Je sais déjà qu'on accusera cet article d'être biaisé. Ceux qui souhaitent réhabiliter nos chefs politiques ont toujours spontanément tort chez nous. À l'occasion de la Journée nationale des patriotes, justement consacrée à célébrer nos héros nous ayant permis de nous épanouir malgré notre statut colonial, je vous convierais tout de même à l'exercice suivant: et si après tout Madame Marois était en train de devenir une grande première ministre? Et si, à l'aune de l'histoire, on devait finalement la reconnaître comme la « raccommodeuse» qui aura sorti le Québec de sa pire crise sociale depuis quarante ans et restauré la confiance envers l'État du Québec? Si donc, exposé à l'épreuve des faits et à l'aune de l'histoire, il s'avérait plus tard que le gouvernement actuel s'était montré excellent pour le Québec?

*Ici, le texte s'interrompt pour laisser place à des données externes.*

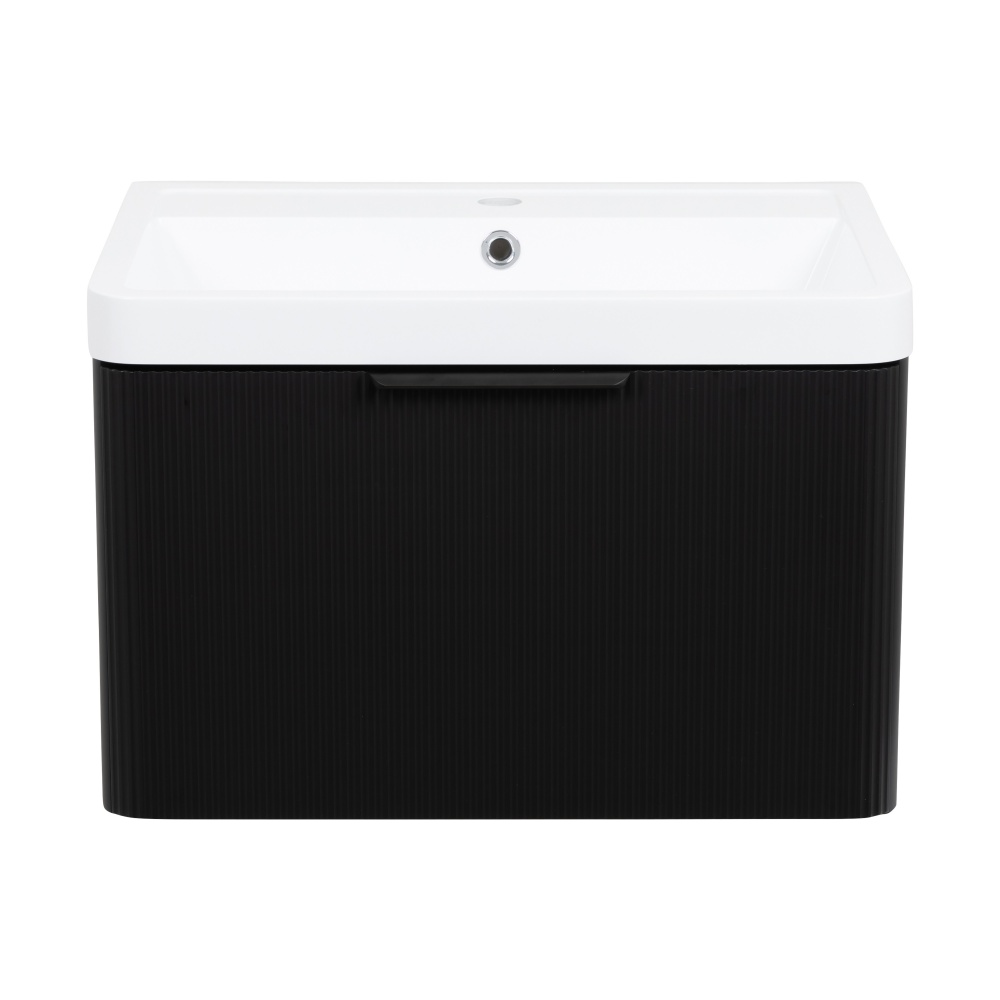 Тумба підвісна Aqua Rodos FROST (BLACK-MATT-PVC) 1 ящик з умивальником Ваr 60 см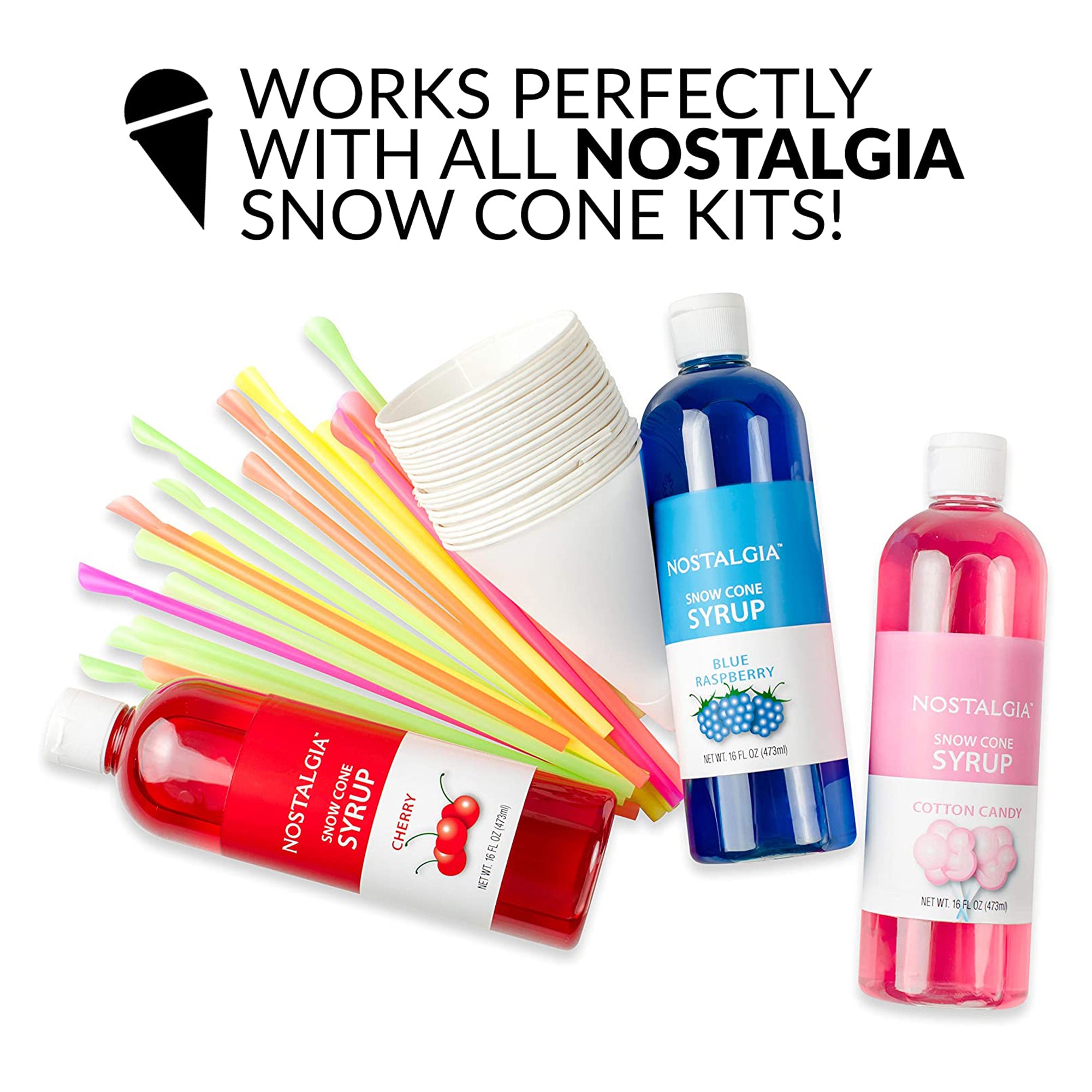 Nostalgia Coca-Cola 20oz Countertop Snow Cone Maker Machine (Open Box) - VMInnovations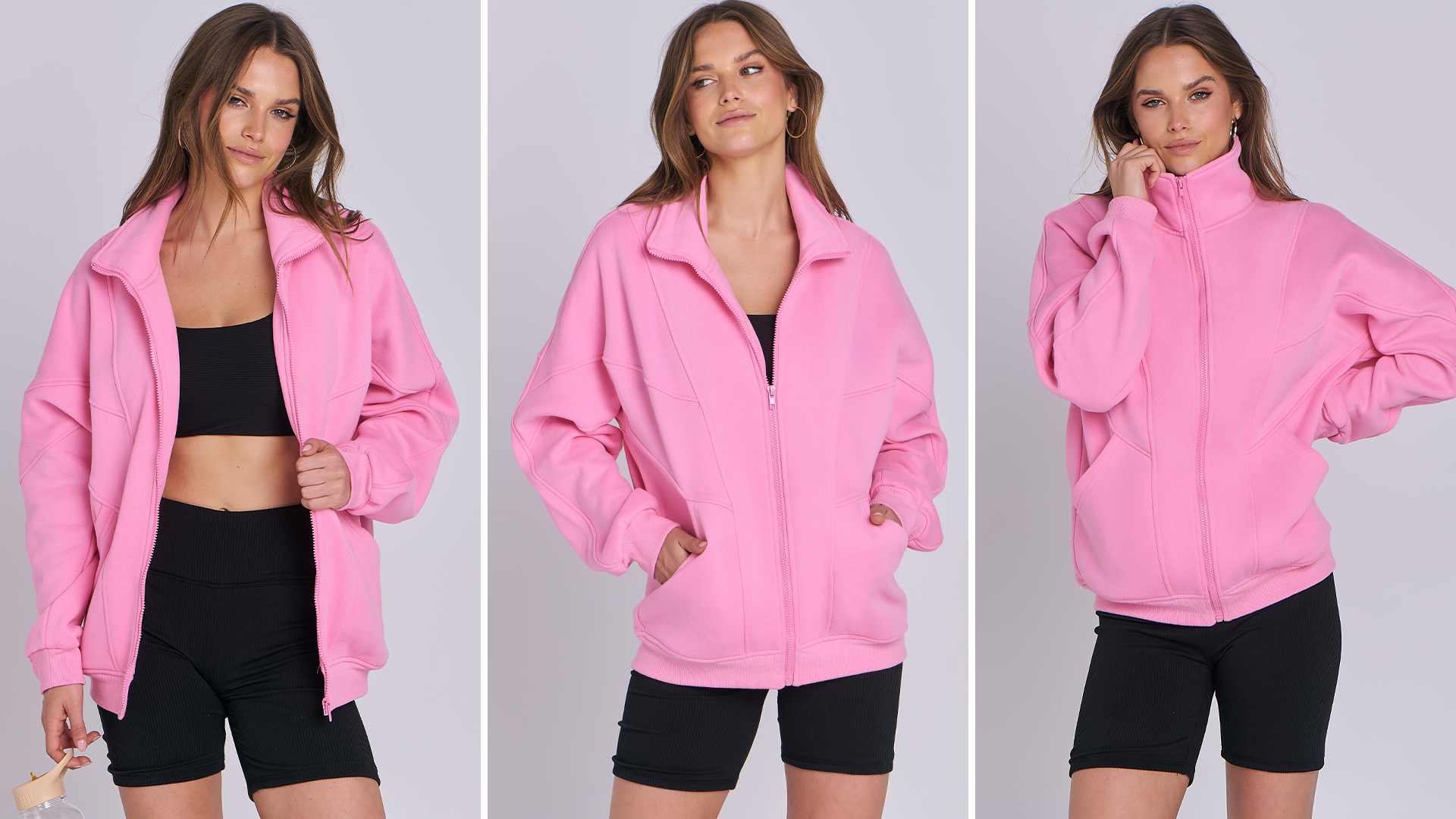 ANRABESS Women's Oversized Full Zip Up Sweatshirts Jacket 2026
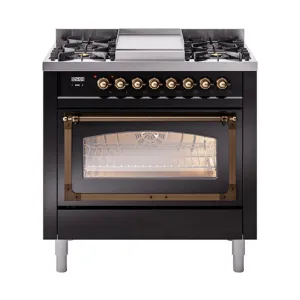 Ilve UN36FNMPBKBLP Ilve Un36Fnmpbkblp Nostalgie Ii Noblesse 36" Dual Fuel Range (Liquid Propane, Triple Glass Door, Glossy Black, Burnished)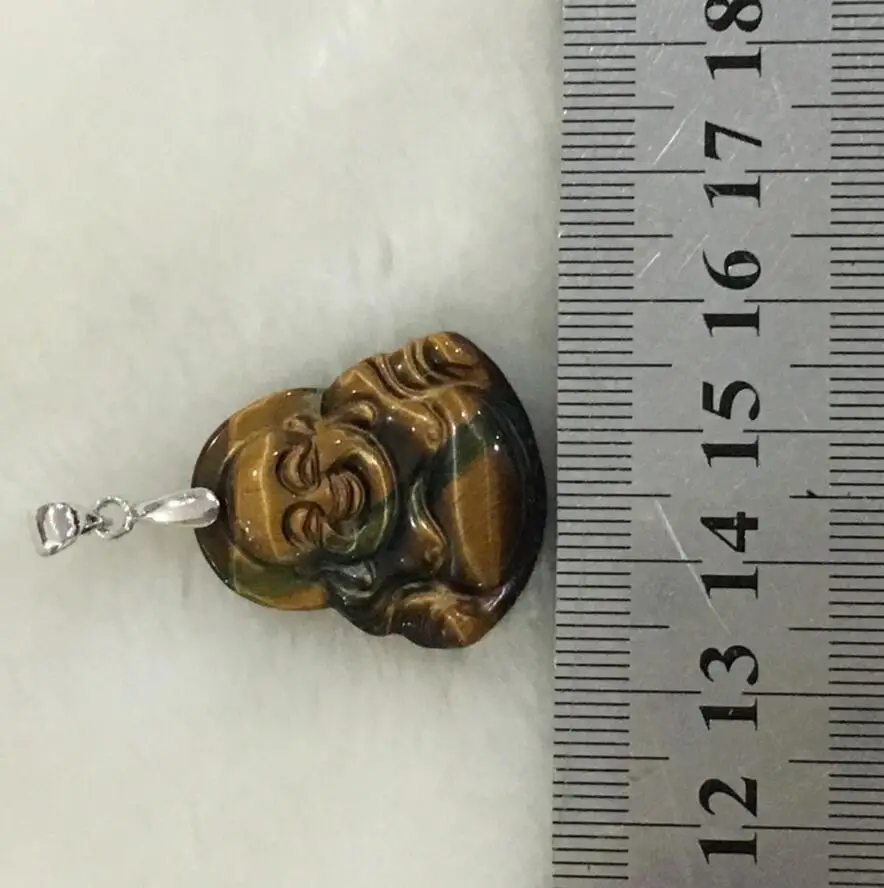 

Free shipping unsex hand carving 100% natural tiger eye stone buddha statue lucky Pendant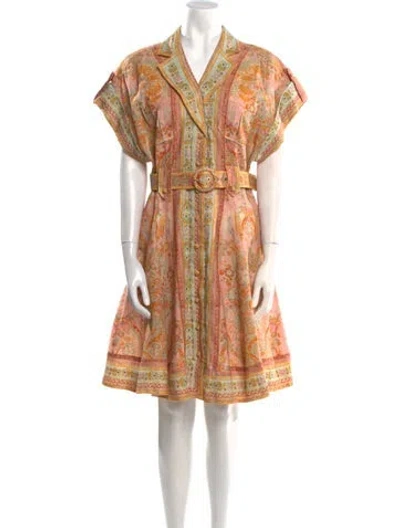 Pre-owned Zimmermann Linen Knee-length Dress In Neutral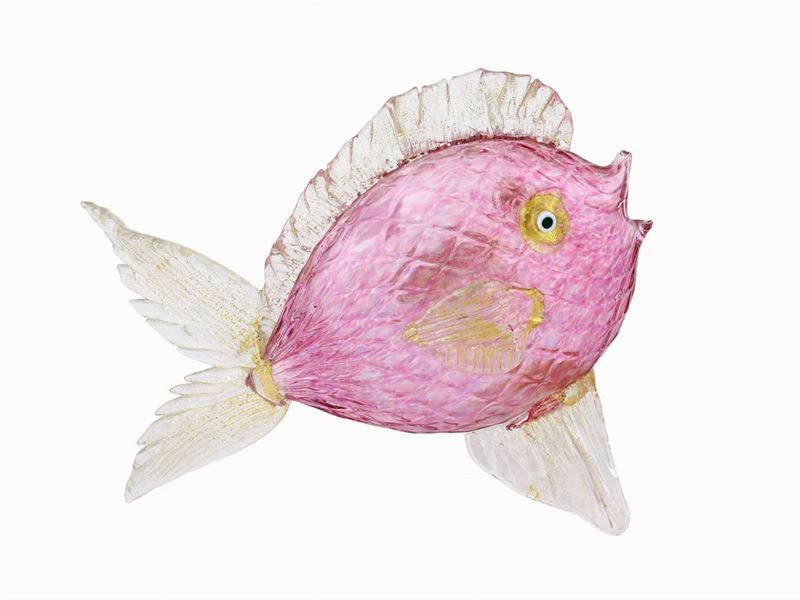 Pesce in Vetro Soffiato Rosa, Attribuibile Barovier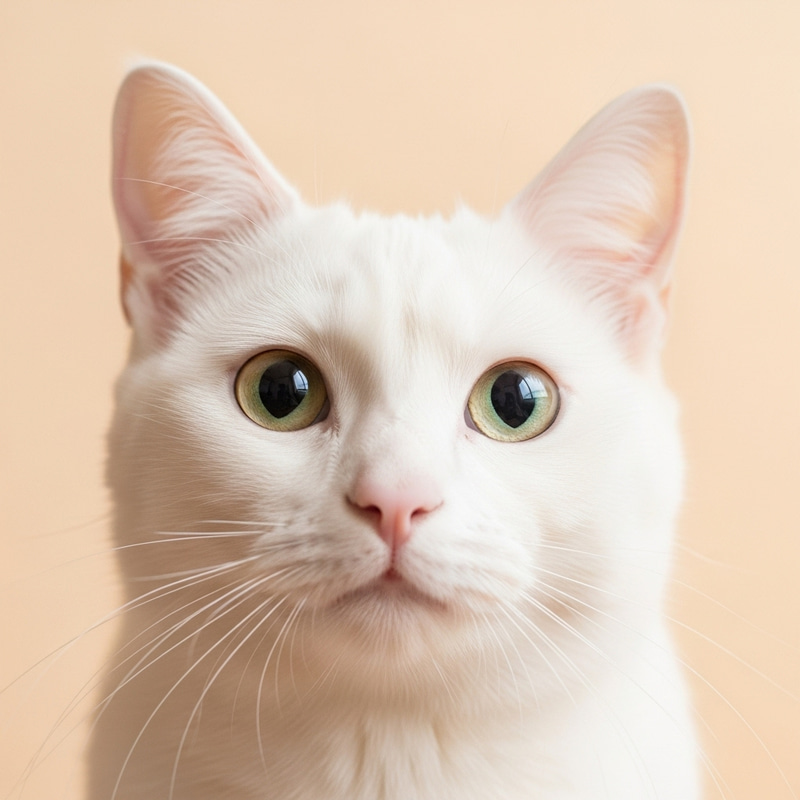 Tranquil White Cat Face on Soft Orange Background Tranquil White Cat Face on Soft Orange Background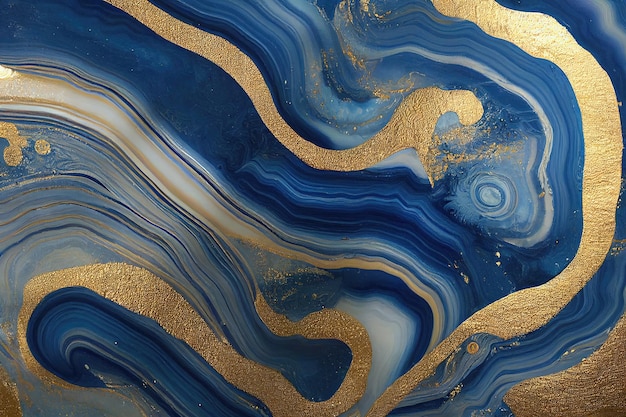 Abstracte kunstachtergrond met een vloeiende marmeren blauwe en gouden textuur Prachtige 3D-illustratie luxe abstracte kunstwerken in alcoholinkttechniek Glanzende gouden golfwervelingspatroon op een blauwe achtergrond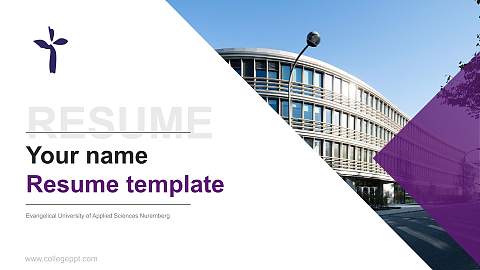 Evangelical University of Applied Sciences Nuremberg Resume PPT Template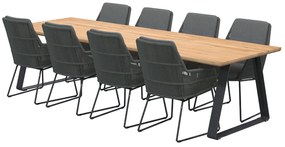 4 Seasons Outdoor Valencia tuinset platinum met Basso tafel teak blad 240 cm  Tuinset    houtkleur weerbestendig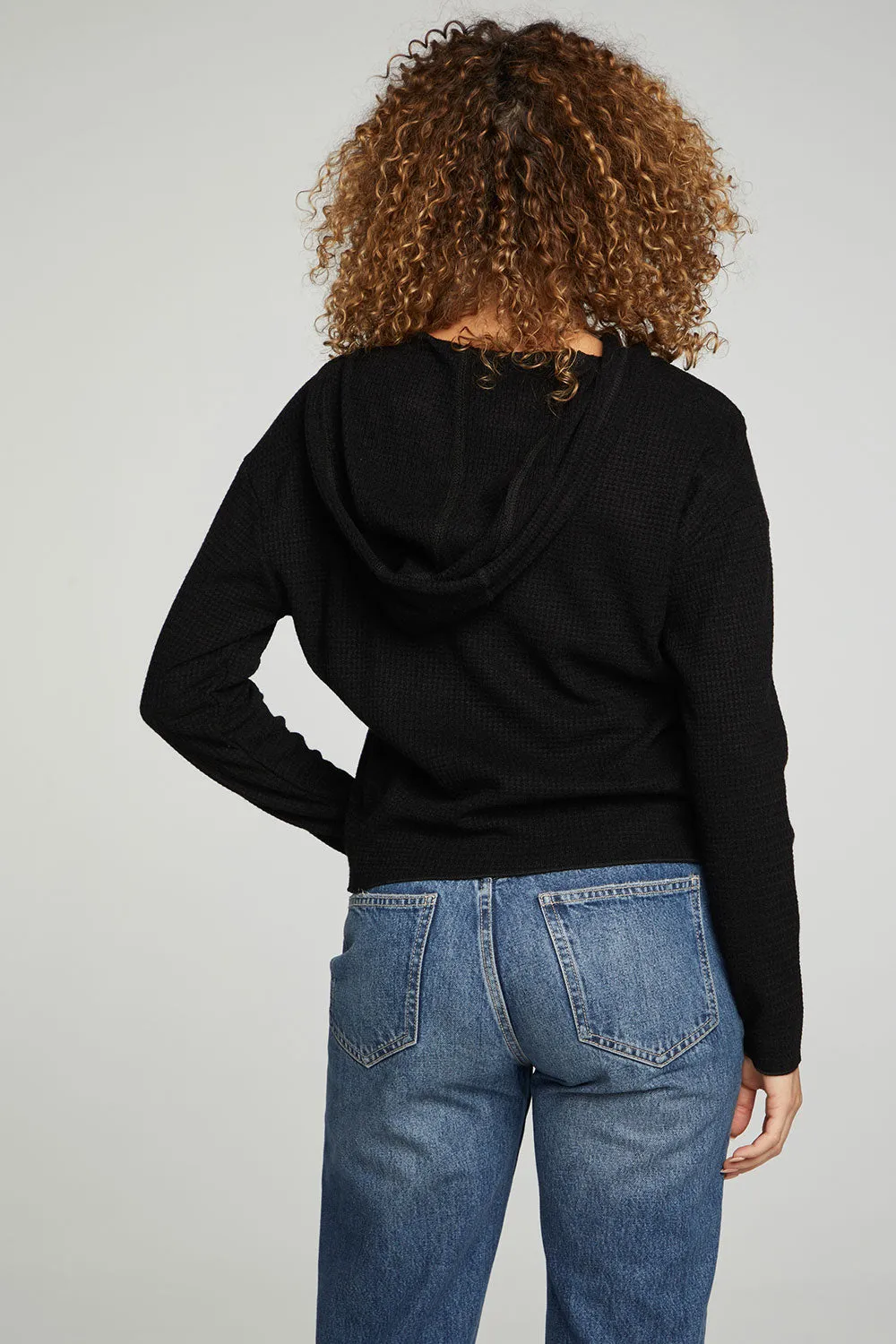 Long Sleeve Semi Cropped Zip Front Hoodie sold by Chaser product image thumbnail 3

En ce cas, ne nous trouverions-nous pas tout à coup ridicules de s'acharner sur la première première ministre du Québec à coup d'arguments futiles et de quolibets stupides?

Invitation en somme à prendre du recul à propos du travail difficile que doit présentement mener la première dame du Québec. Invitation à exposer son œuvre à l'épreuve des faits et à la durée plutôt que de simplement relayer les préjugés réducteurs et à la limite misogynes. Invitation en somme à se dire que la grandeur est possible autour de nous et que, à l'instar de Dollard et des patriotes, nous pouvons admettre que le dévouement et l'abnégation peuvent aussi habiter nos chefs d'État et qu'en somme le pire n'est pas toujours certain.